EDUARDO BRESCIANI E RICARDO BRITO - O Estado de S.Paulo
BRASÍLIA - Com um debate intenso em plenário, o Supremo
Tribunal Federal encaminhou ontem sua decisão para decretar a perda de
mandato dos deputados condenados no processo do mensalão. A sessão foi
interrompida com um empate por 4 a 4, mas o ministro Celso de Mello deu
sinais claros em suas intervenções de que, na sessão de amanhã, vai
acompanhar o entendimento de que o STF pode dar a palavra final sobre o
tema e determinar a cassação dos mandatos.
Assim, a perda seria comunicada à Câmara pelo Supremo após a
conclusão da fase de recursos, cabendo à Casa apenas confirmar a
sentença do Judiciário. Essa posição deve provocar conflito com o
Legislativo, que entende ter a palavra final.
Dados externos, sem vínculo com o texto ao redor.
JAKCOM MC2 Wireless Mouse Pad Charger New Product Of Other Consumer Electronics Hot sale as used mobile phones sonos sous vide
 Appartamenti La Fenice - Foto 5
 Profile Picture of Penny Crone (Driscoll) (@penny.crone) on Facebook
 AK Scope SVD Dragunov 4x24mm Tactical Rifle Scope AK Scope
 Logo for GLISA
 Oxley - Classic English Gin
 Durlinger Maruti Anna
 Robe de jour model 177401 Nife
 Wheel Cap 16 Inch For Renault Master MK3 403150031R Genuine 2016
Os deputados João Paulo Cunha (PT-SP), Pedro Henry (PP-MT) e Valdemar
Costa Neto (PR-SP) são os parlamentares atingidos pela decisão do
Supremo. No início do ano, o ex-presidente do PT José Genoino engrossa a
lista, uma vez que deve assumir a cadeira na Câmara ocupada por
Carlinhos Almeida (PT), prefeito eleito de São José dos Campos (SP)
(leia mais na pág. A10).
O relator do processo e presidente do Supremo, Joaquim Barbosa,
argumentou que a gravidade dos crimes cometidos e as condenações
impostas são "absolutamente incompatíveis e inconciliáveis" com o
exercício de mandato no Congresso. "Causa espécie, desconforto, dizermos
ao Congresso Nacional que uma pessoa condenada a 10, 12, 15 anos (de
prisão) possa exercer um mandato parlamentar."
A posição de Barbosa foi acompanhada por Luiz Fux, Gilmar Mendes e
Marco Aurélio Mello. Nos debates realizados na tarde de ontem, Celso de
Mello fez algumas intervenções reforçando argumentos dos colegas que
votaram pela decretação da perda do mandato.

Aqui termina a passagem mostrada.